'''
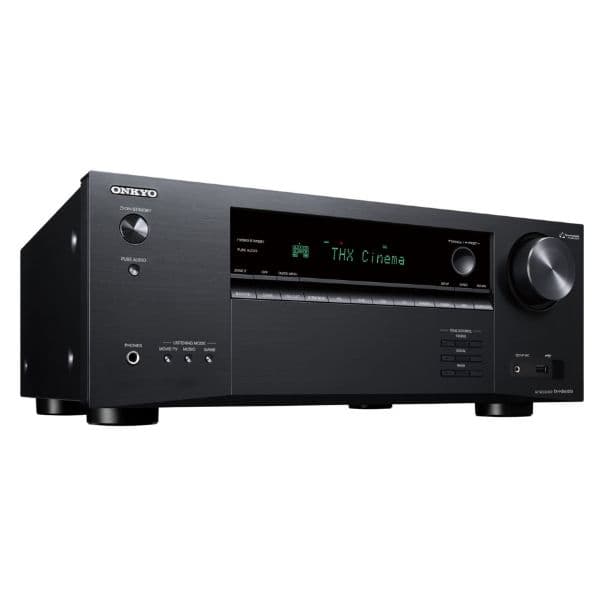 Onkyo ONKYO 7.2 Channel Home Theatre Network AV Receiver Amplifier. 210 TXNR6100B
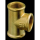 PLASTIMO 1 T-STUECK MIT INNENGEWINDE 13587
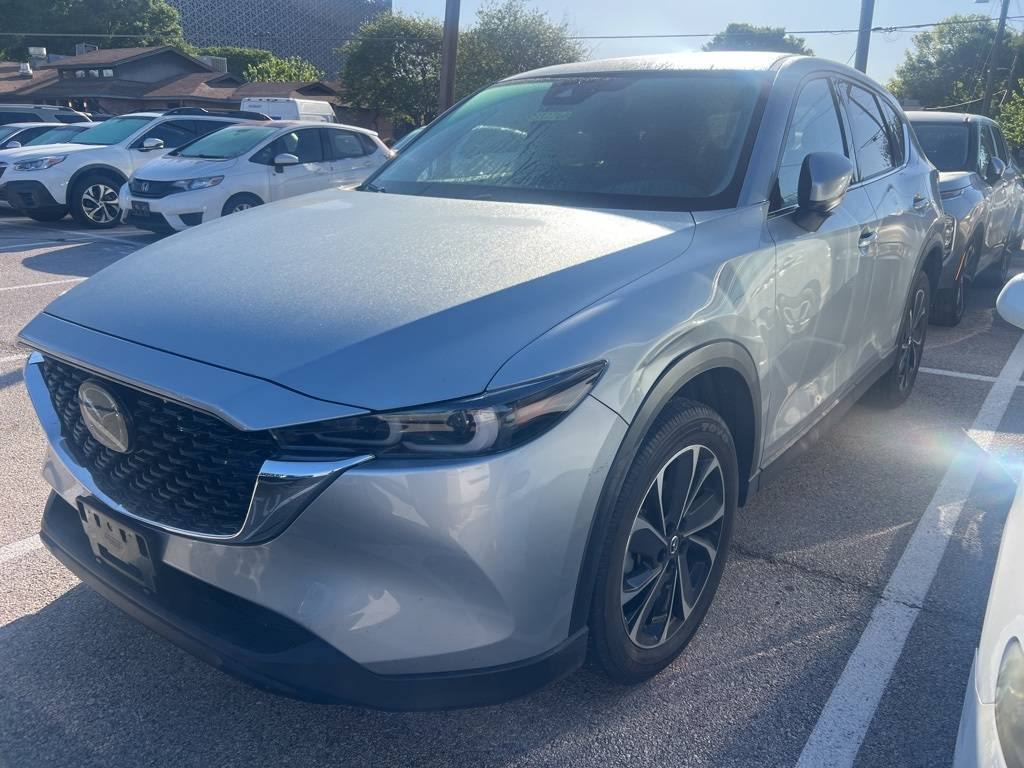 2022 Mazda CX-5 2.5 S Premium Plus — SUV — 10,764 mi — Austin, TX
'''
■ Instructions for the task ■
Restate word for word the lines starting at the one that contains "PLASTIMO 1 T-STUECK MIT INNENGEWINDE 13587" and ending at the last line of the data. Skip every picture.

■ Exercise output ■
 PLASTIMO 1 T-STUECK MIT INNENGEWINDE 13587
 2022 Mazda CX-5 2.5 S Premium Plus — SUV — 10,764 mi — Austin, TX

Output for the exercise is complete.